Anniversari di muri

Da quello di Berlino che ha diviso il mondo per anni alla barriera dell’odio costruita fra Israele e Palestina. Una riflessione

Poche settimane fa è stato celebrato con grande enfasi il venticinquesimo anniversario della
caduta del muro di Berlino. L’evento, che ha visto la Germania come protagonista, ha assunto una risonanza mondiale. In stridente contrasto, un altro anniversario legato a un altro muro è, invece, passato sotto totale silenzio. Quasi undici anni fa (il 9 luglio 2004), la Corte di Gustizia Internazionale ha emesso il proprio parere legale rispetto alla costruzione della barriera di separazione nei Territori Palestinesi Occupati.
In uno dei passaggi della sentenza si legge che “la Corte […] non è convinta che lo specifico percorso scelto da Israele per il muro sia necessariamente legato a obiettivi di sicurezza. Il muro, lungo il percorso scelto, e il regime di restrizioni e permessi a esso associato, infrangono gravemente una serie di diritti della popolazione palestinese che risiede nei territori occupati da Israele; tali conseguenze negative sui palestinesi, risultanti dal percorso del muro, non possono essere giustificate dalle esigenze militari israeliane, o da necessità connesse alla sicurezza nazionale e all’ordine pubblico”.

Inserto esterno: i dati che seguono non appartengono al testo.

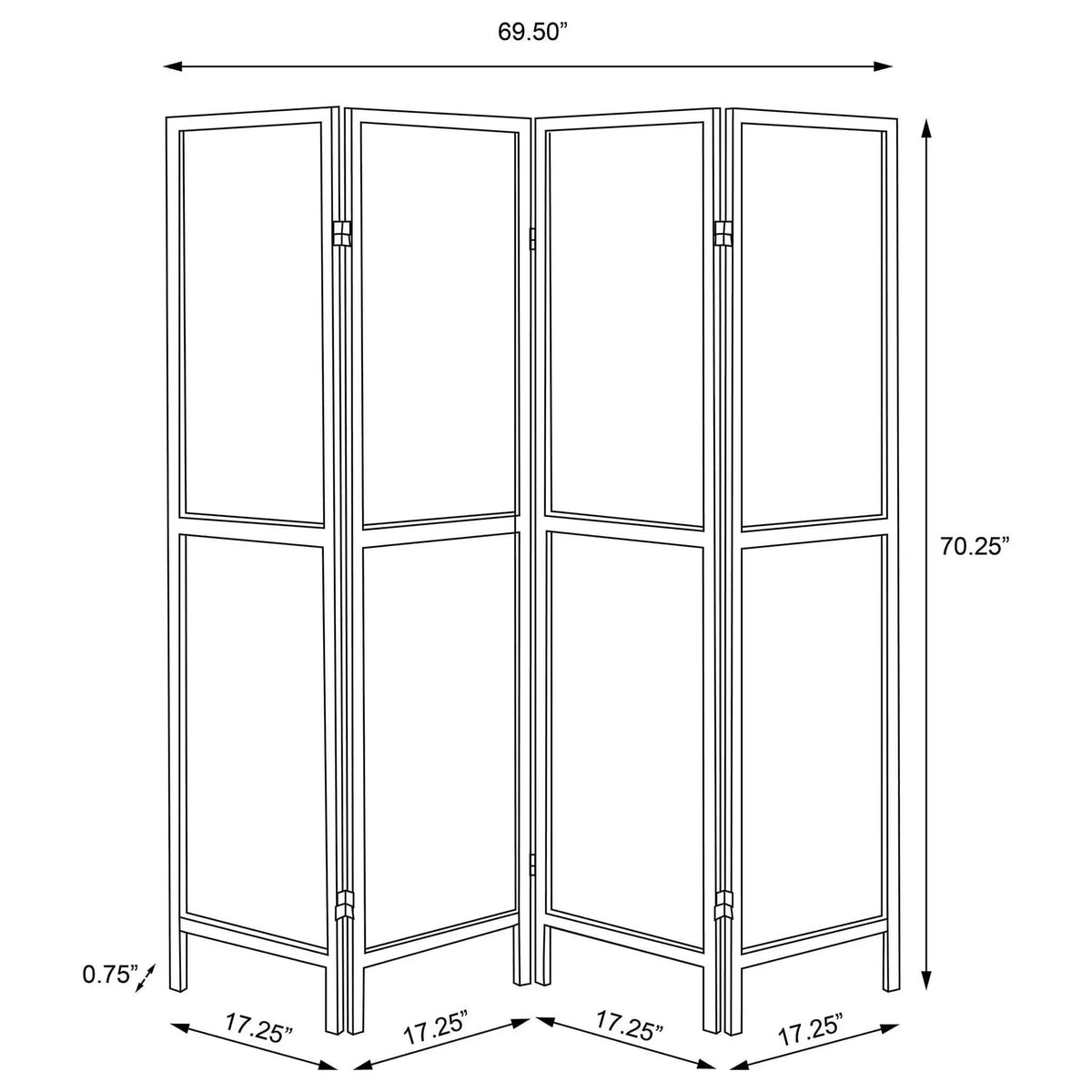Mattison 4-Panel Room Divider Folding Shoji Screen | 69.5 x 0.75 x 70.25 in | Wood | Natural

Come esito della propria inchiesta, la Corte di Giustizia Internazionale ha chiesto che il muro fosse immediatamente smantellato; pochi giorni dopo, una larga maggioranza di membri delle Nazioni Unite ha votato una risoluzione che ha dichiarato la necessità che Israele si attenesse alla sentenza delle Corte, smantellando la barriera.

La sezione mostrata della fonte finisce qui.